By Lewis
Obi
As President MuhammaduBuhari was completely unperturbed by the Army’s
massacre of hundreds of Shi’ites, so was he utterly indifferent to the
slaughter of hundreds of local farmers by Fulani herdsmen. His silence was
astonishing, his inaction frightening.
*Buhari |
The Shi’ites are a tiny minority Muslim sect often looked upon by
the majority Sunni as a nuisance at best and fool-hardy, stubborn in their
beliefs and doctrines. They are exactly the kind of group that a president must
go the extra mile to protect. Not only are they politically weak and they tend
to have a persecution complex, they are also easily bullied or victimized. The
President was asked what he thought about their massacre. He was dismissive of
the matter, but he made the remarkable statement that he has been told the
Shi’ites constituted “a state within a state.” He did not elaborate.
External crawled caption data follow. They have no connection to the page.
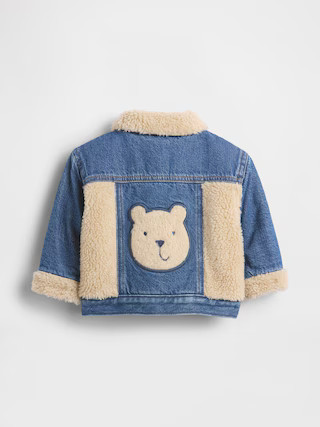 Baby UltraSoft Denim & Sherpa Bear Jacket | Gap (US)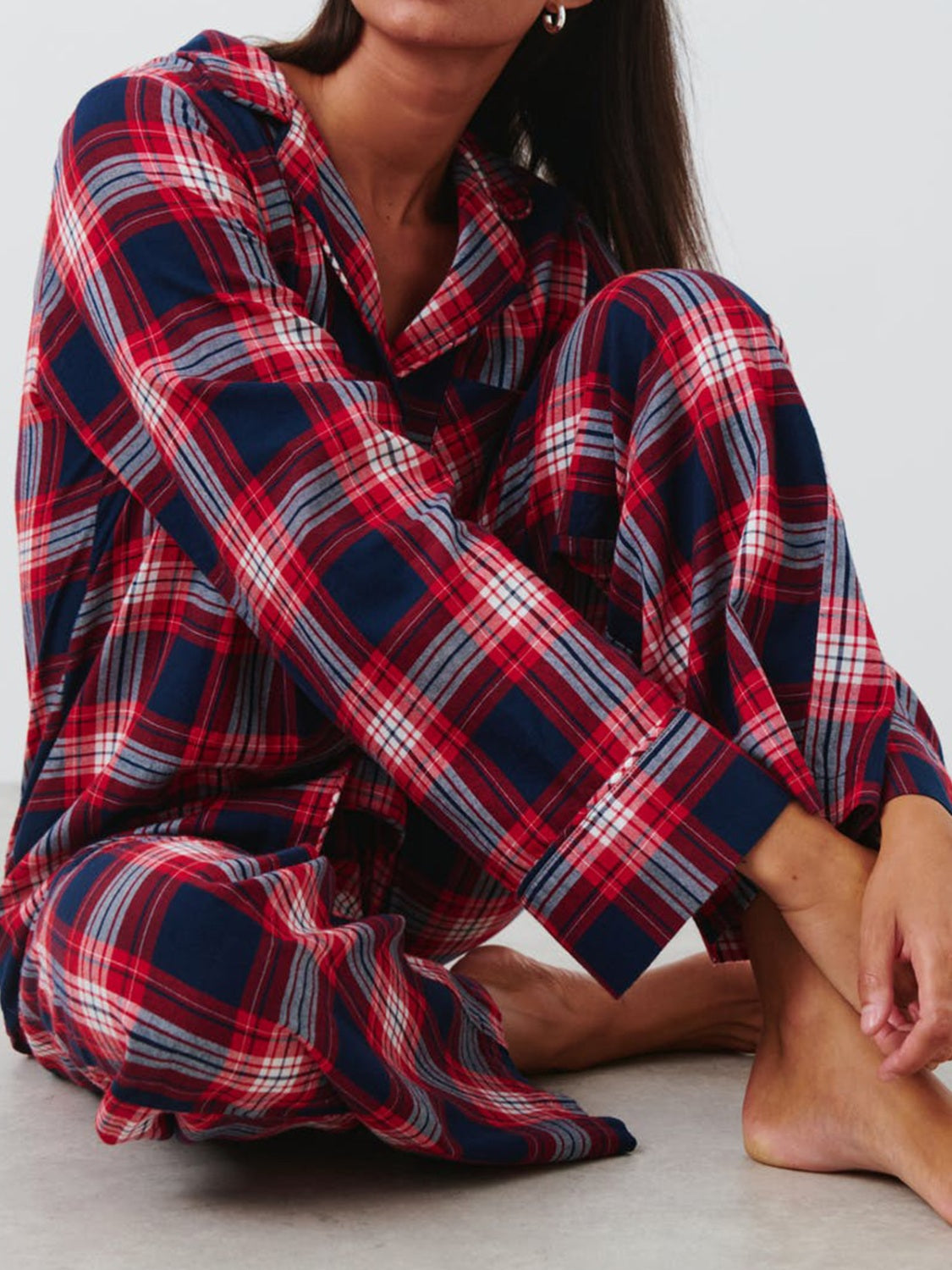 Plaid Collared Neck Button Up Top and Pants Lounge Set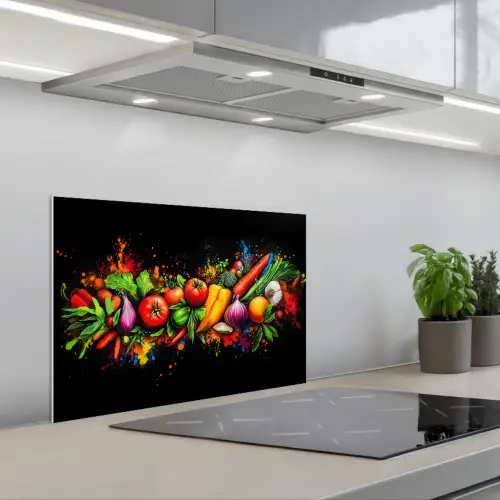 Groente - Eten - Kruiden - Graffiti - Koken keuken achterwand spatscherm klein -3d_schuin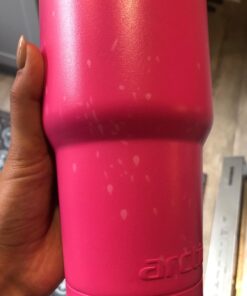 Arctic Tumblers | 30 oz Matte Pink Insulated Tumbler with Straw & Cleaner - Retains Temperature up to 24hrs - Non-Spill Splash Proof Lid, Double Wall Vacuum Technology, BPA Free & Built to Last 30 oz Tumbler Matte Pink Powder Coat 25 711 7zLUBqL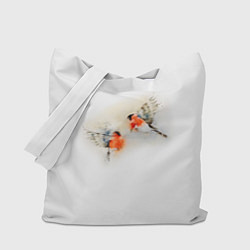 Сумка-шопер Снегири, цвет: 3D-принт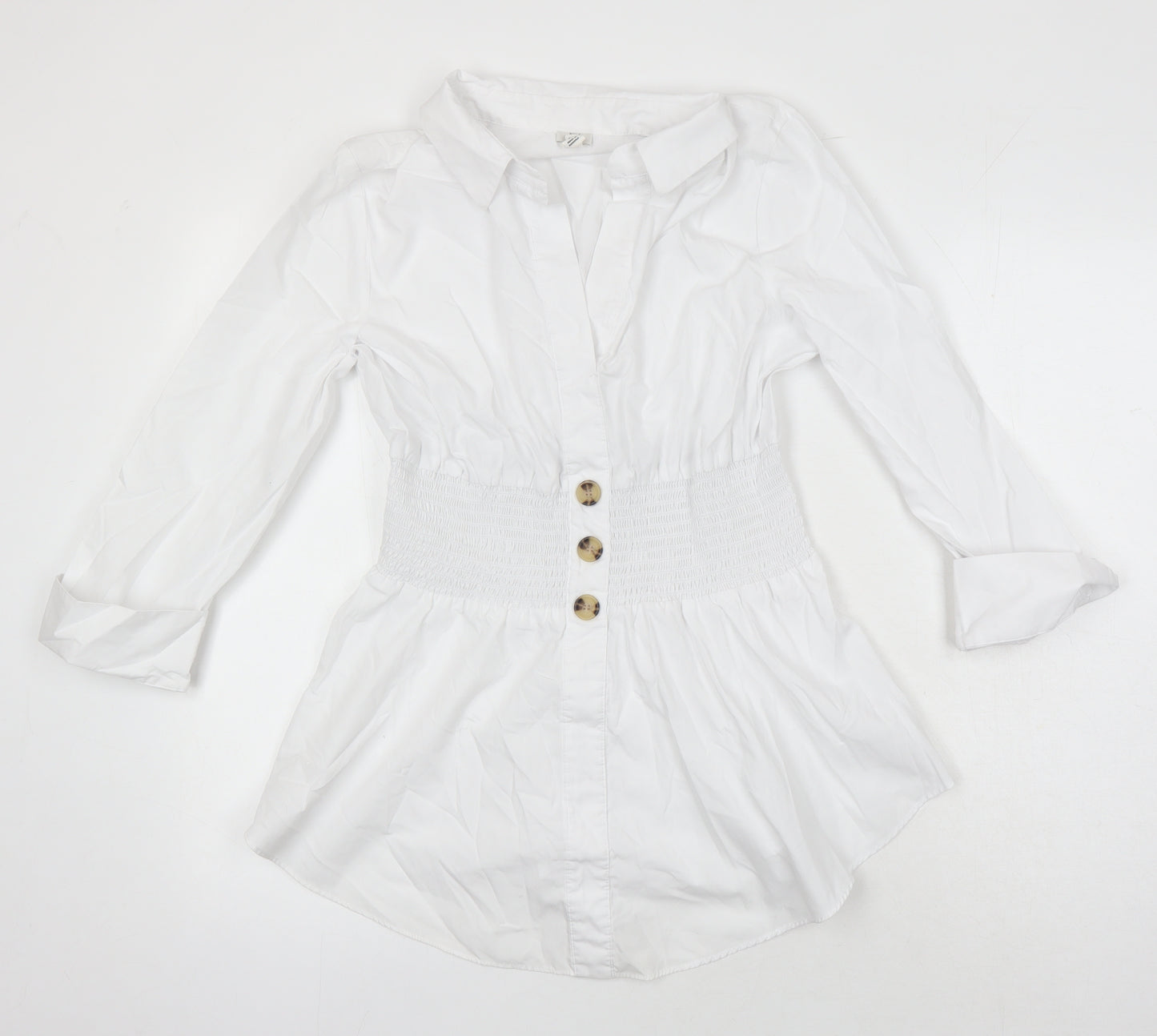 River Island Womens White Cotton Tunic Blouse Size 10 Collared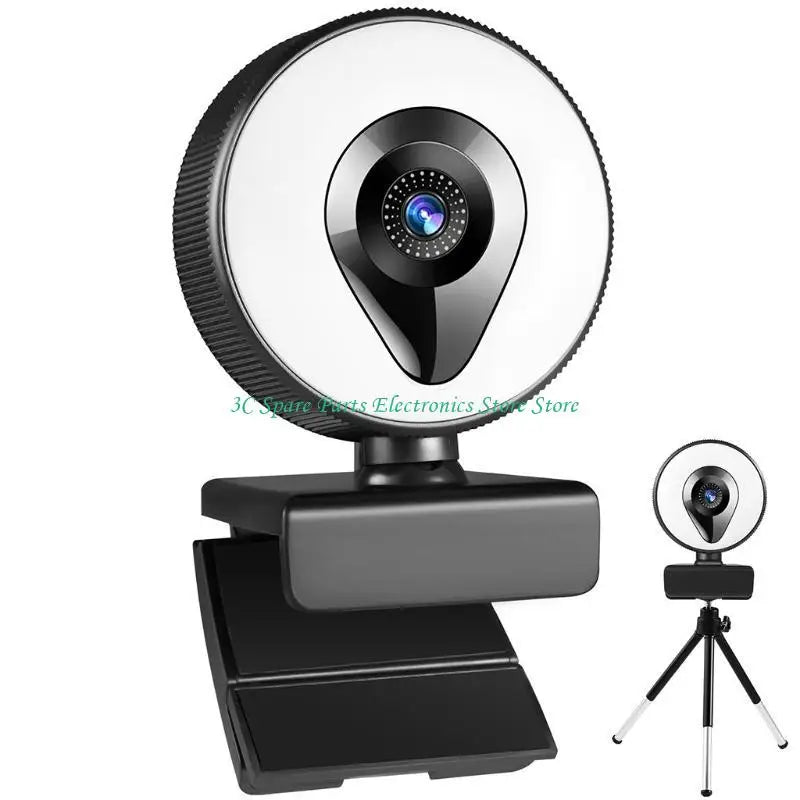 Black plastic webcam with integrated circular LED ring light and mount, plus a mini tripod stand.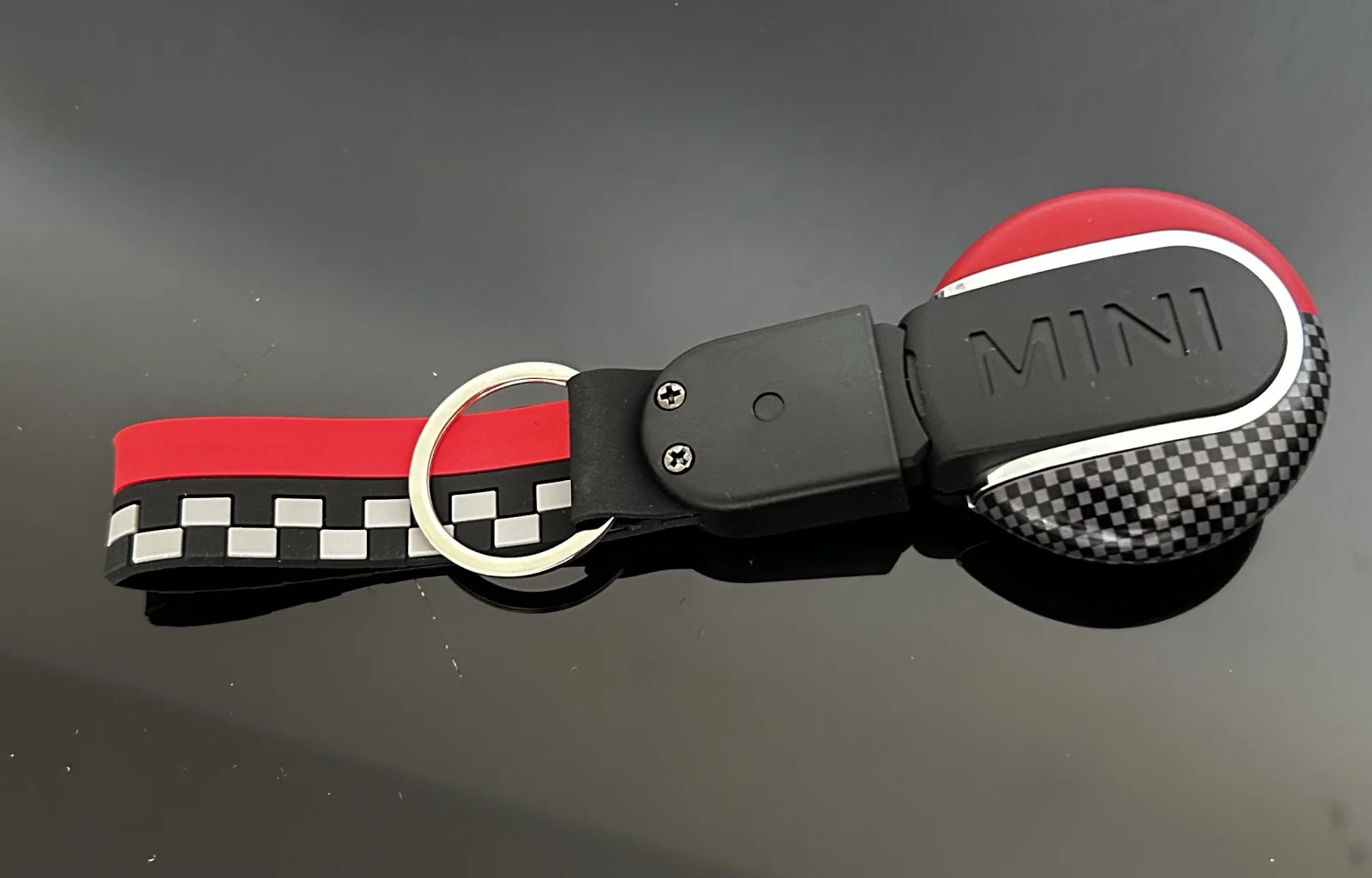 für MINI 2 teilig Schlüssel Anhänger Schlüsselband Copper CARBON/ROT Schlüsselring F56 F55 F54 F60 Cabrio F57 – Bild 6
In classical
times ‘a state within a state’ readily attracted a charge of treason. In any
case, he said, the Kaduna State Government was already taking care of the matter.
It was heart-breaking to see a Nigerian President shirk his primary responsibility,
contracting out his responsibility to protect Nigerian citizens. It was like
the Biblical Pontius Pilate washing his hands off the case of Jesus Christ.
Now, Kaduna State Governor Nasir El- Rufai, an otherwise
deliberative man, from whom the President took his briefings on the matter, had
arraigned, tried, and sentenced the Shi’ites. He was so sure their leader,
Sheikh Ibraheem El-Zakzaky, would be tried for whatever crimes he must have
committed. He didn’t say what those crimes might be, but it was the
government’s way of warning that the Shi’ites were expendable.The most cursory
observer could see that taking a cue from El-Rufai, the Northern Governors
began venting and piling on the Shi’ites, forcing everyone to run for cover. It
was like kicking a man when he is down. So, when the commission of inquiry was
announced, it looked like an after-thought and an attempt at a cover-up.
If the President’s silence on the Shi’ites affair was
astonishing, his indifference to the slaughter of local farmers by herdsmen was
dangerously confounding. The conflict of farmers and Fulani herdsmen is not
new. But herdsmen armed with weapons of war are novel. Worse, President Buhari
himself is a cattle breeder and is expected to understand the conflict of the
interests of both sides. But it would appear that his ascent to the throne got
the herdsmen intoxicated with power which ought to have been anticipated and
squelched. Hence the impunity.
Unlike the Army’s attack on the Shi’ites which was a single orgy
of blood-letting and destruction spanning three days, the attacks on the
farmers are a repetitive provocation and savage aggression. As late as this
week, on Monday to be precise, Fulani herdsmen attacked Tse Aondo and Tse Ankou
farming communities, in Benue
State , killing seven.
Each Fulani attack was in the pattern of a violent Genghis
Khan-style “destroy what you can’t kill, burn everything that can be burned.”
Thousands were rendered homeless and more thousands became refugees. Hundreds
of women were raped, hundreds were killed and thousands wounded.